The key results are stable reduction and the existence of a natural virtual fundamental class as well as by means of the notion of "basicness" the algebraicity and quasi-compactness of the moduli space.
I will give a comprehensive introduction including several examples that demonstrate their main features and use.

Research talks

Speaker: Jinwon Choi (Sookmyung Women's University) and Michel van Garrel (Korea Institute for Advanced Study)
Title: Local and log BPS numbers
Abstract: BPS numbers were introduced by physicists and have only recently been defined rigorously through the work of Kiem-Li. We consider the local BPS numbers for a del Pezzo surface S. In joint work with S. Katz and N. Takahashi, we introduce log BPS numbers of S, which are weighted counts of rational curves fully tangent to a smooth anticanonical divisor. In this talk, we start by reviewing local BPS numbers and then introduce log BPS numbers. We state and motivate their conjectural relationship and explain how to prove it for all curve classes of arithmetic genus at most 2.

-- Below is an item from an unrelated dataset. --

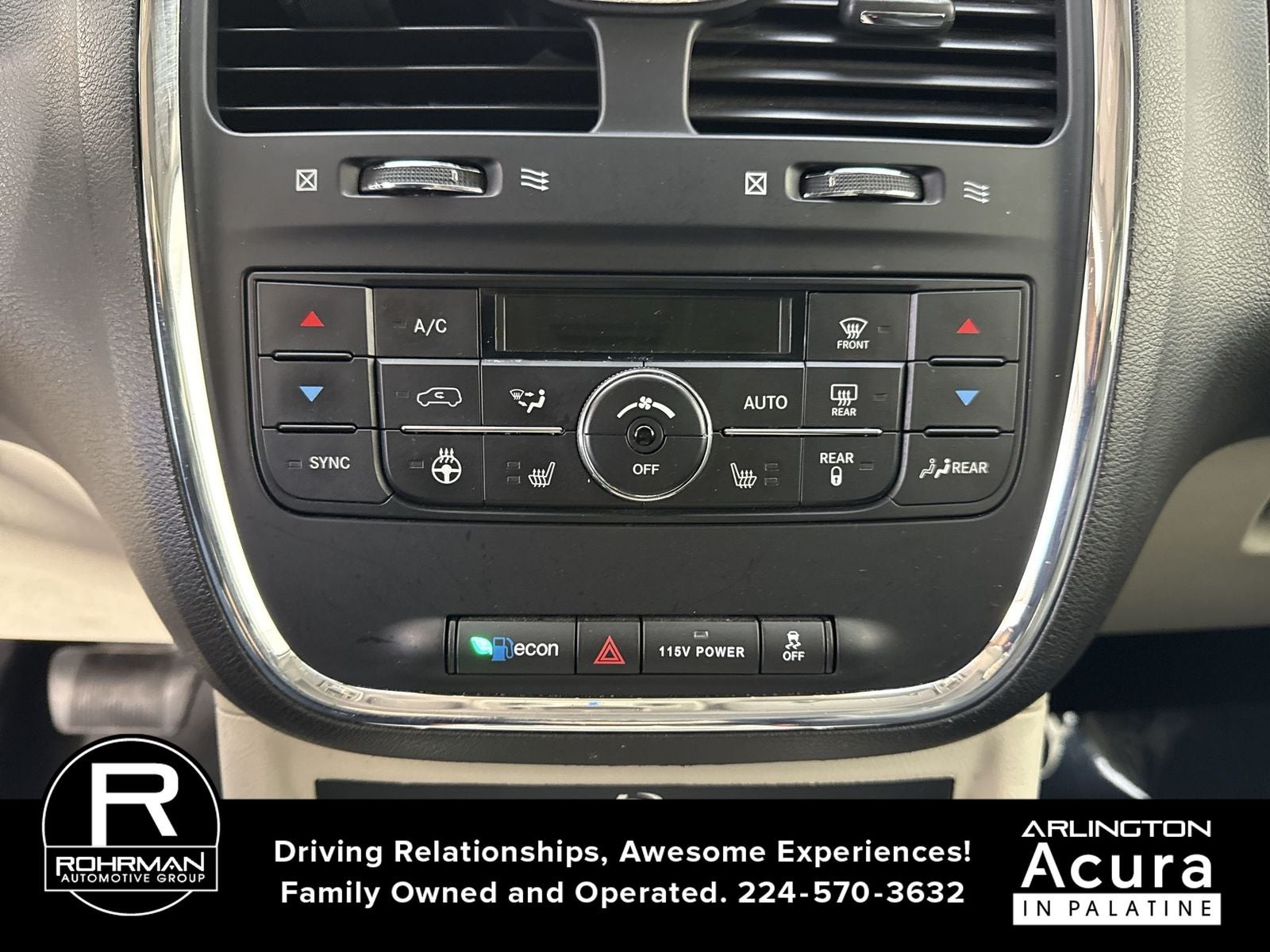 2015 Chrysler Town & Country Touring-L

Speaker: Sukmoon Huh (Sungkyunkwan University)
Title: A simple construction of nilpotent co-Higgs bundles
Abstract: A co-Higgs bundle on a smooth complex projective variety X is a pair of a holomorphic vector bundle E and a morphism E to E tensored by the tangent bundle of X (called a co-Higgs field), satisfying the integrability condition. It is introduced by Hitchin, as a generalized vector bundle on X, considered as a generalized complex manifold. Adapting the notion of semistability of vector bundles, we may define semistable co-Higgs bundle and it is expected to exists at the lower end of Enriques-Kodaira spectrum.
Motivated by the work of Correa to classify the surfaces admitting a semistable nilpotent co-Higgs bundle of rank two, we investigate several aspects of nilpotent co-Higgs bundles. In this talk, we suggest a simple way of constructing nilpotent co-Higgs bundle, using the Hartshorne-Serre correspondence and apply it to several cases.
This is a joint work with Edoardo Ballico.

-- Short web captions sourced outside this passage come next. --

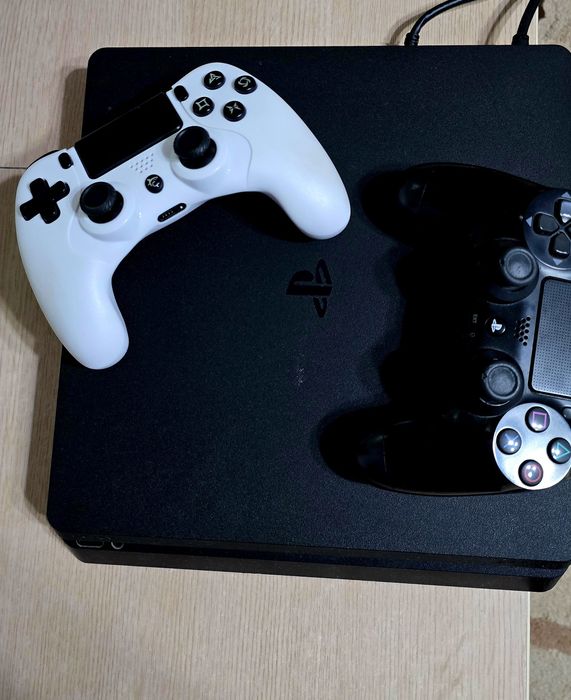 PlayStation 4 slim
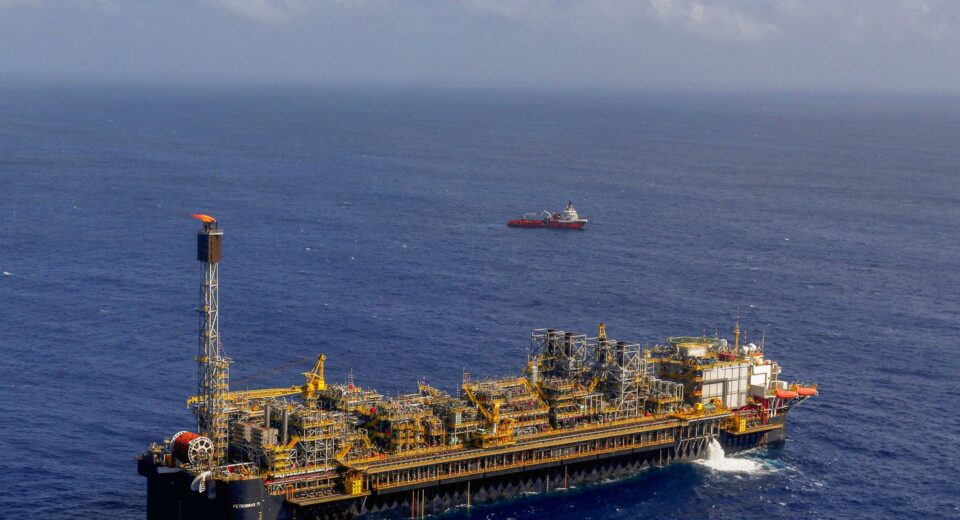 ANP aprova estudos sobre bloco no pré-sal da Bacia de Santos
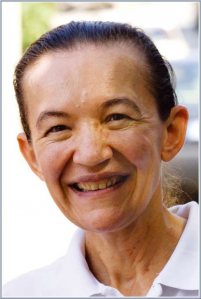 Apelidade de "vidente sorridente" e "O sorriso de Medjugorje", Vicka Ivankovic-Mijatovic tem sido instrumento para levar milhares e milhares de pessoas para a fé. Todos foram atraídos pela alegria sobrenatural que ela irradia. Em Medjugorje a Virgem Maria chama a todos a se tornarem o mesmo tipo de sinal vivo para um mundo ainda vagando na escuridão. Apelidade de "vidente sorridente" e "O sorriso de Medjugorje", Vicka Ivankovic-Mijatovic tem sido instrumento para levar milhares e milhares de pessoas para a fé. Todos foram atraídos pela alegria sobrenatural que ela irradia. Em Medjugorje a Virgem Maria chama a todos a se tornarem o mesmo tipo de sinal vivo para um mundo ainda vagando na escuridão.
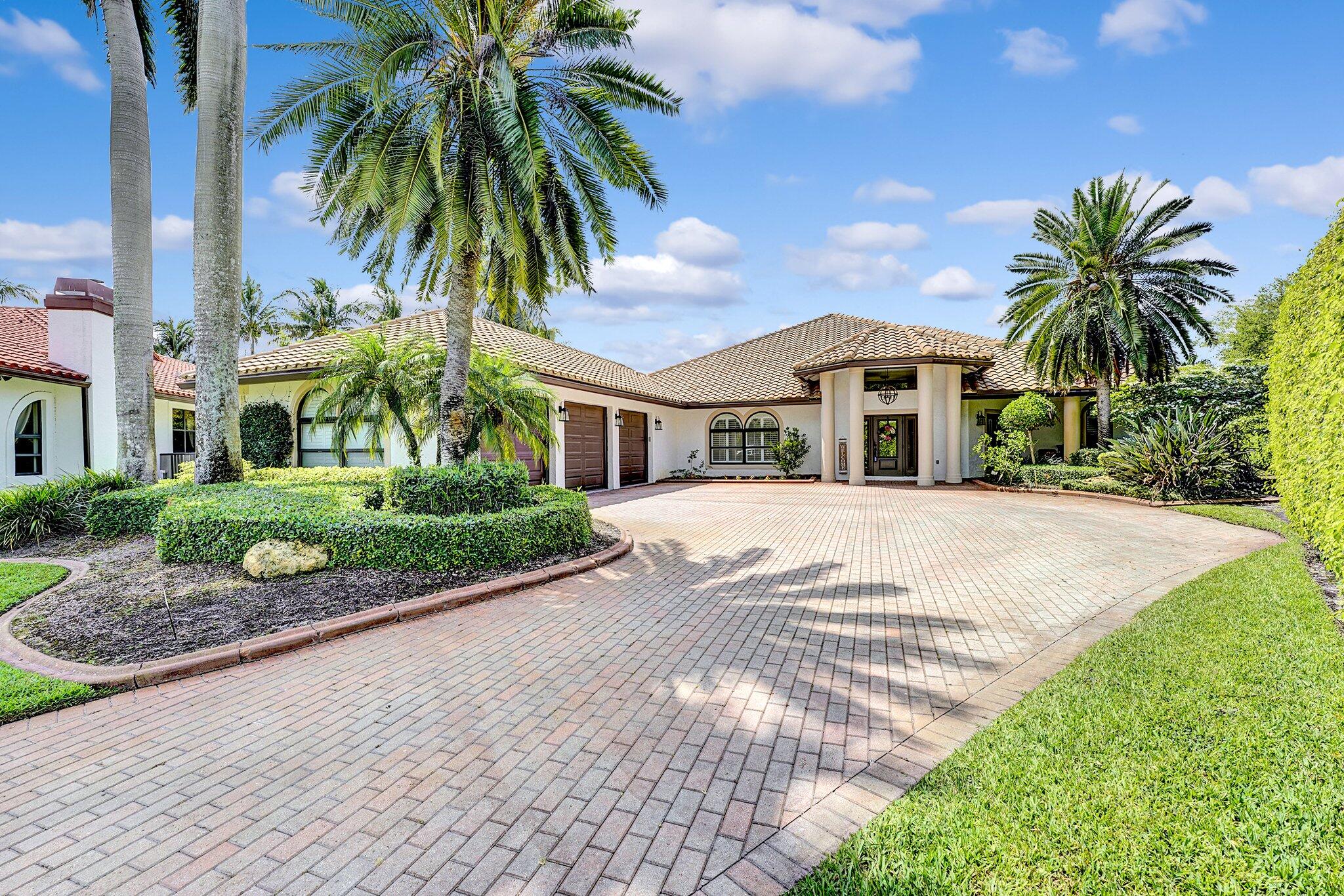 2386 Sunderland Ave Wellington, FL 33414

Speaker: Kiryong Chung (Kyungpook National University)
Title: Mori program for the moduli space of conics in Grassmannian
Abstract: Rational curves in Grassmannian (or its sections) has been studied in various view points: Birational and complex geometry. Motivated by the results of Iliev-Manivel and Hosono-Takagi, we complete Mori's program for Kontsevich's moduli space of degree $2$ stable maps to Grassmannian. One of key ingredient is to provide some moduli theoretic meaning for the double symmetroid which directly connects the Kontsevich space and Hilbert scheme. We also discuss about its birational relation with the moduli space of one dimensional sheaves on $mathbb{P}^2$. This is a joint work with Han-Bom Moon.

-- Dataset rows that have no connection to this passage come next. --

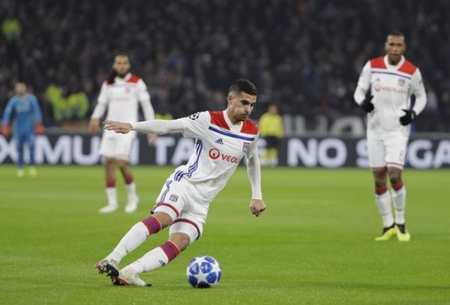 选的王钰栋 选的王钰栋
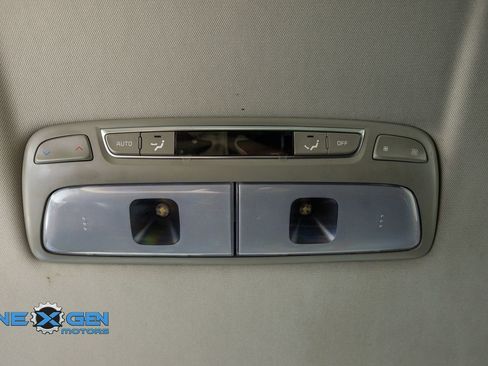Used 2022 Kia Telluride S FWD image 30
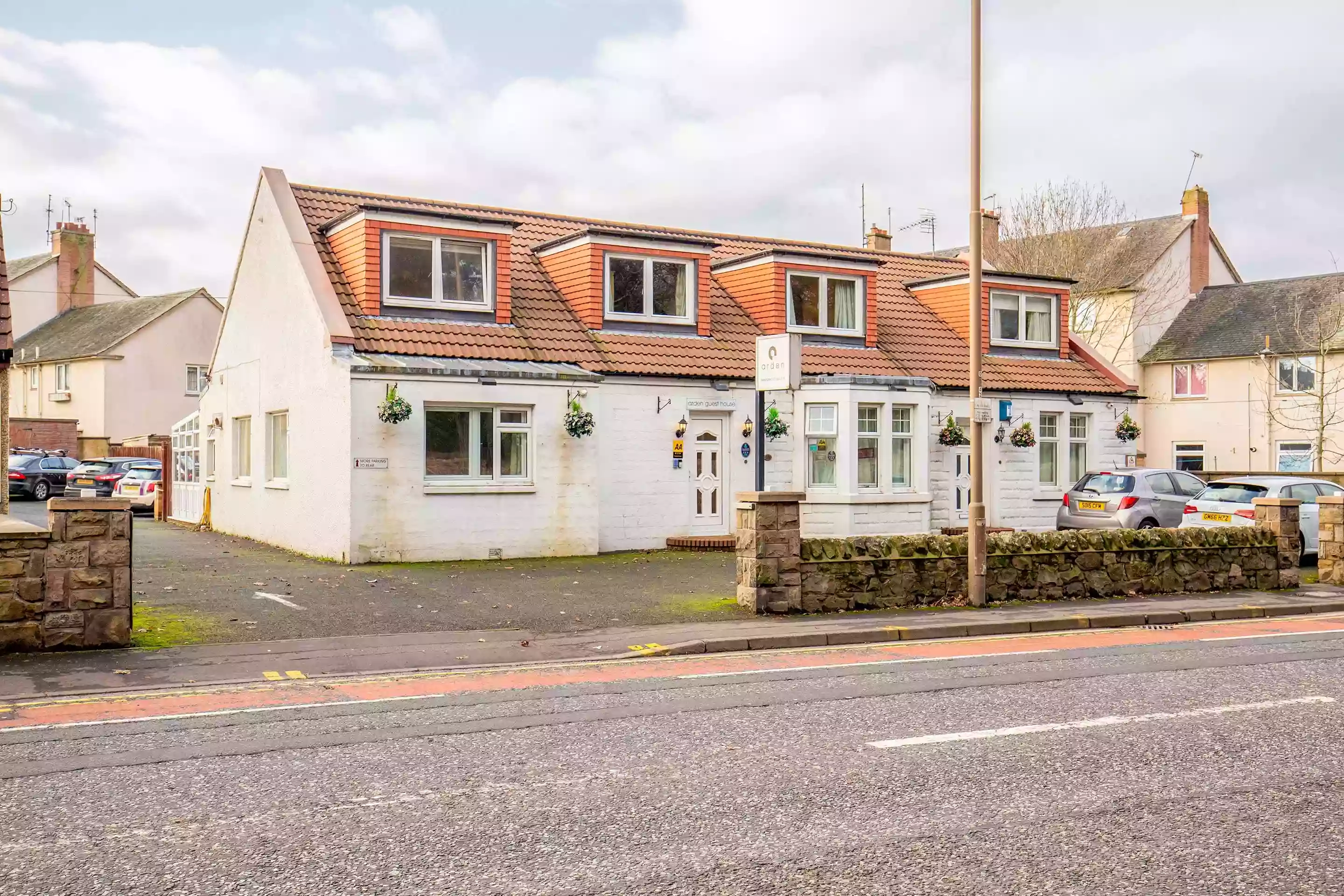 OYO Arden Guest House, Craigmillar Castle Edinburgh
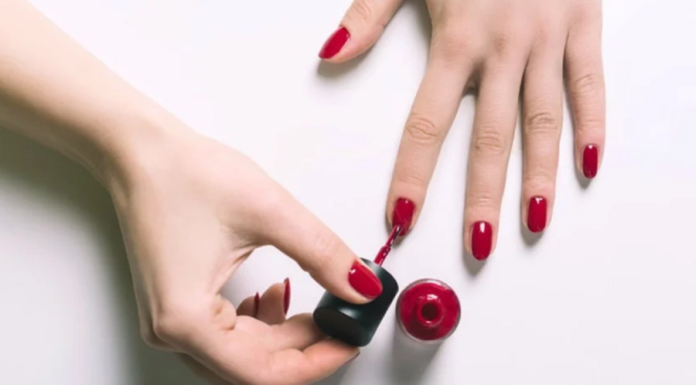 Unexpected Side Effects of Regular Nail Polish Application: A Must-Read for Ladies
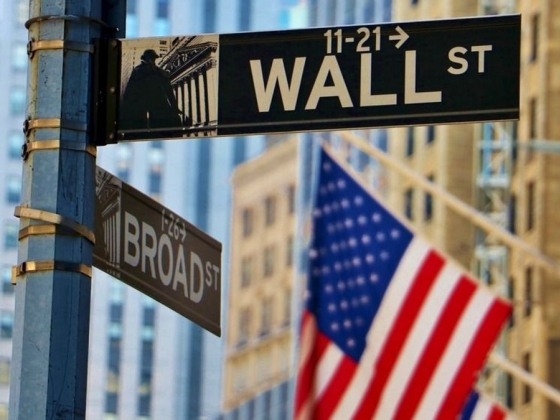 Megroppant a Wall Street: elszálló olajárak és kamatfélelmek rontják a befektetők hangulatát – gyengén indult a szeptember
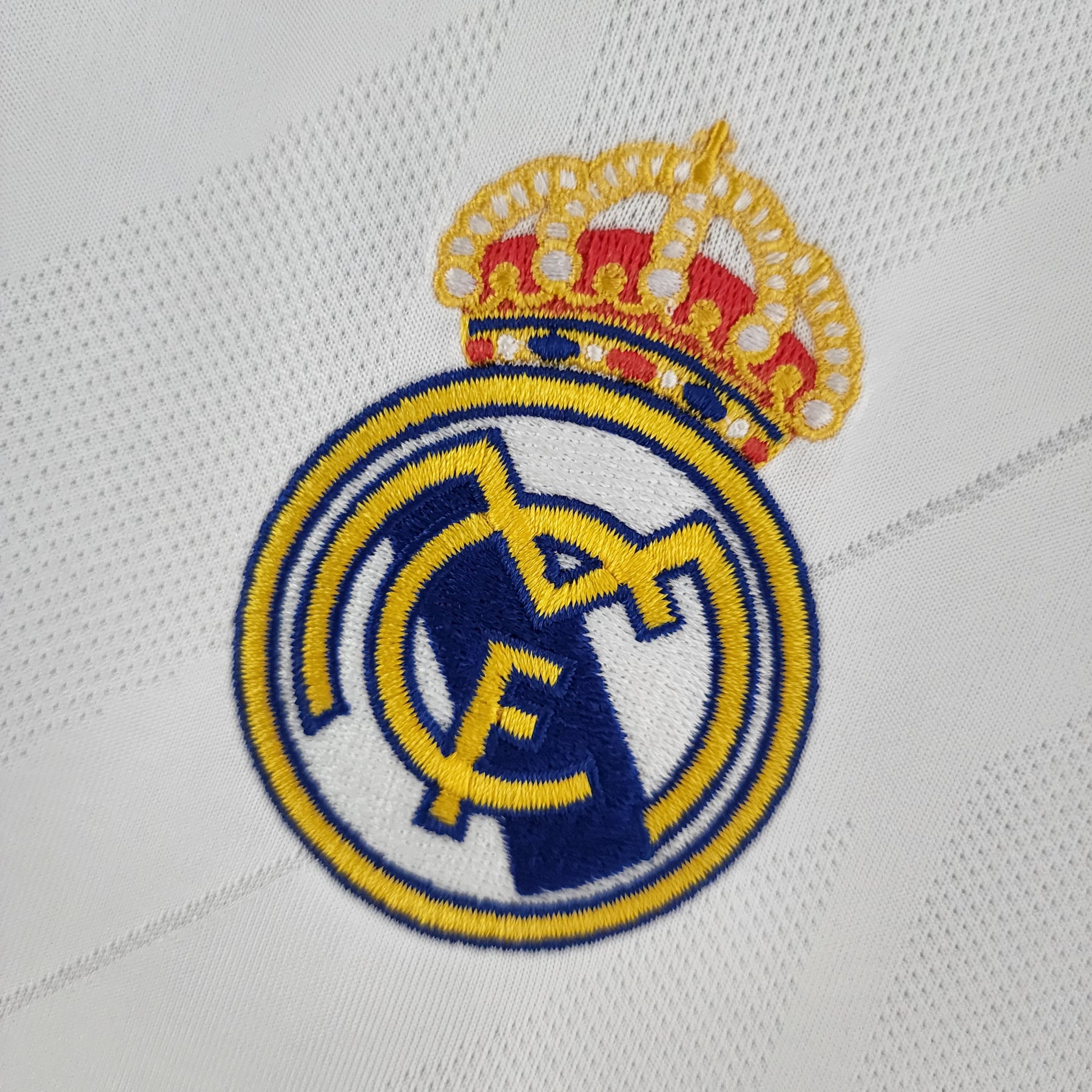 CAMISA RETRÔ REAL MADRID HOME 17/18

Speaker: Bumsig Kim (Korea Institute for Advanced Study)
Title: Residue Mirror Symmetry for Grassmannians
Abstract: The talk is based on joint work with Jeongseok Oh, Kazushi Ueda and Yutaka Yoshida.
Motivated by recent works on localizations in A-twisted gauged linear sigma models, we discuss a generalization of toric residue mirror symmetry to complete intersections in Grassmannians.